Shigeru Tomisato*, Jumpei Onji and Kazuhiro Uehara

Graduate School of Natural Science and Technology, Okayama University, Japan
Prof. Shigeru Tomisato, Graduate School of Natural Science and Technology, Okayama University, 3-1-1, Tsushima-Naka, Okayama, 700-8530 Japan; E-mail: tomisato@okayama-u.ac.jp
30 December 2018; 04 March 2019; 06 March 2019
Tomisato S, Onji J, Uehara K (2019) Transmission Performance Improvement by Non-Linear Distortion Noise Power Control in Multi-Band Systems. Int J Comput Softw Eng 4: 143. doi: https://doi.org/10.15344/2456-4451/2019/143

Abstract

This paper proposes a non-linear distortion noise power control method with bandwidth control for multiple frequency band transmission which simultaneously uses plural frequency bands in wireless communication systems. The control method employs clipping and filtering, and generates out-of-band noise reduction signals using a part of used signal bands to reduce harmful interference in a primary existing system which shares frequency bands with the multi-band system. The improvement of Signalto- Noise Ratios (SNRs) in the bands used by the primary system is evaluated by computer simulations. The simulation results show that the proposed method at the band use rate of 50 % can improve them by 15 dB at the receiving power ratio of -30 dB to the spectrum sharing multi-band system.


1. Introduction

Future wireless communication systems require broader frequency bands to realize larger capacity because of the rapid spread of smartphone and the development of IoT (Internet of Things). Spectrum sharing is one of the promising technologies to yield broader bands with limited frequency resources, in which plural systems share the same frequency bands, and the secondary system uses unused bands in the allocated bands to the primary existing system [1-4]. Because the unused bands are narrow and separated, the secondary system needs to simultaneously use multiple bands to transmit broadband information signals.

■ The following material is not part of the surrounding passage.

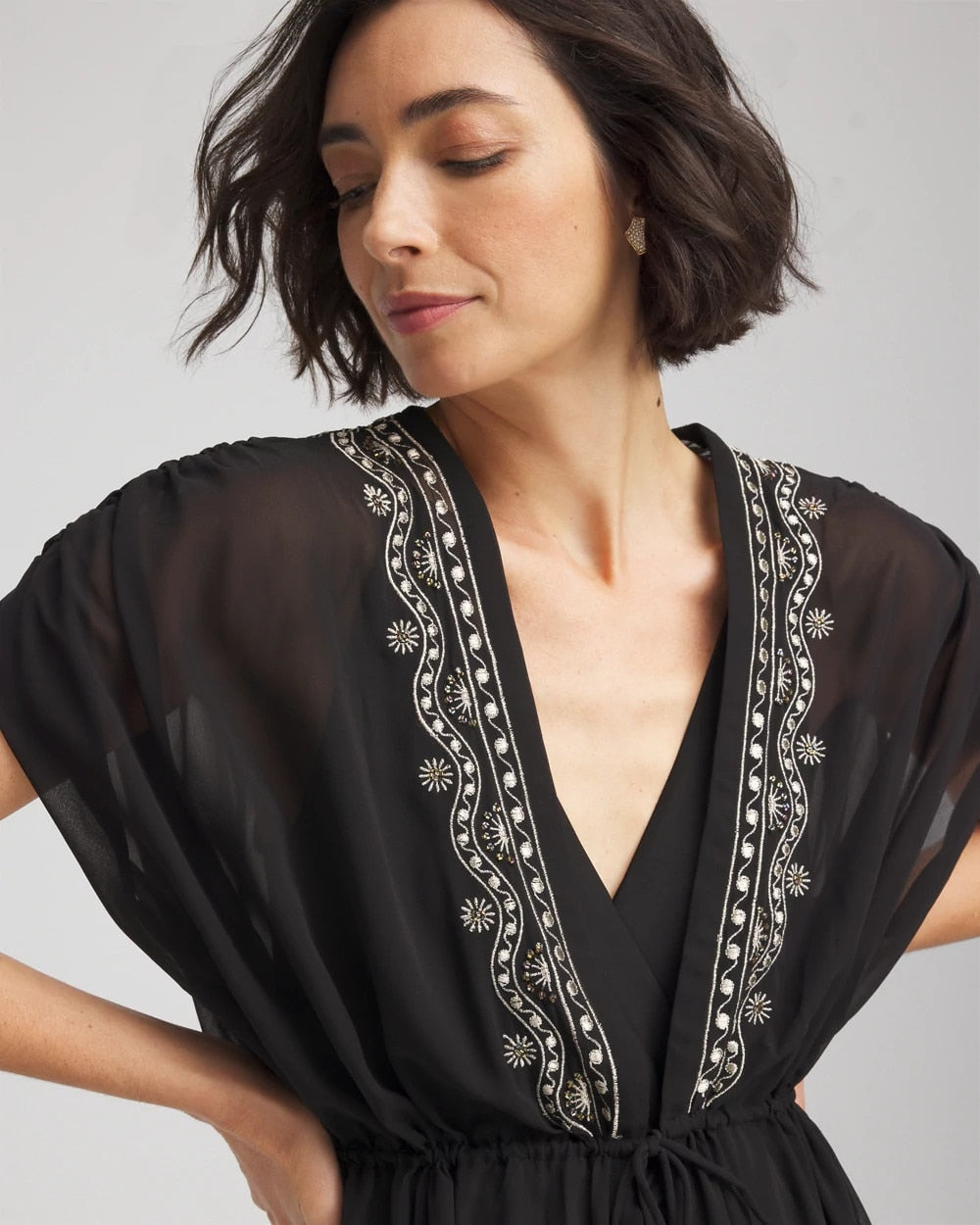 Chico's Miraclesuit® Beach Embroidered Long Kimono BLACK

On the other hand, OFDM transmission, which is very effective in broadband transmission in multi-path fading channels, is widely used in wireless communication systems while it causes excessive peak power which generates in-band and out-of-band noise because of non-linear distortion of transmission power amplifiers. In addition, multi-band transmission with OFDM causes serious distortion noise by inter-modulation distortion. The distortion noise of a multiband system becomes harmful interference to the existing system in spectrum sharing. Therefore, effective power amplification for multiband transmission has been studied [5-7].

This paper proposes a non-linear distortion noise power control method with bandwidth control for multi-band OFDM transmission systems to reduce interference to the spectrum shared existing system in wireless communications. The control method generates out-ofband noise reduction signals using a part of used signal bands to reduce interference. The method uses clipping and filtering (CAF) for this noise control, which is one of the very effective peak power reduction methods of OFDM signals [8-10]. The conventional CAF usually uses out-of-band filtering which reduces out-of-band noise power caused by clipping. In addition to this filtering, the proposed method uses in-band filtering which removes in-band distortion noise components from clipped OFDM signals. This paper clarifies the effect of distortion noise power control with the proposed method by computer simulations.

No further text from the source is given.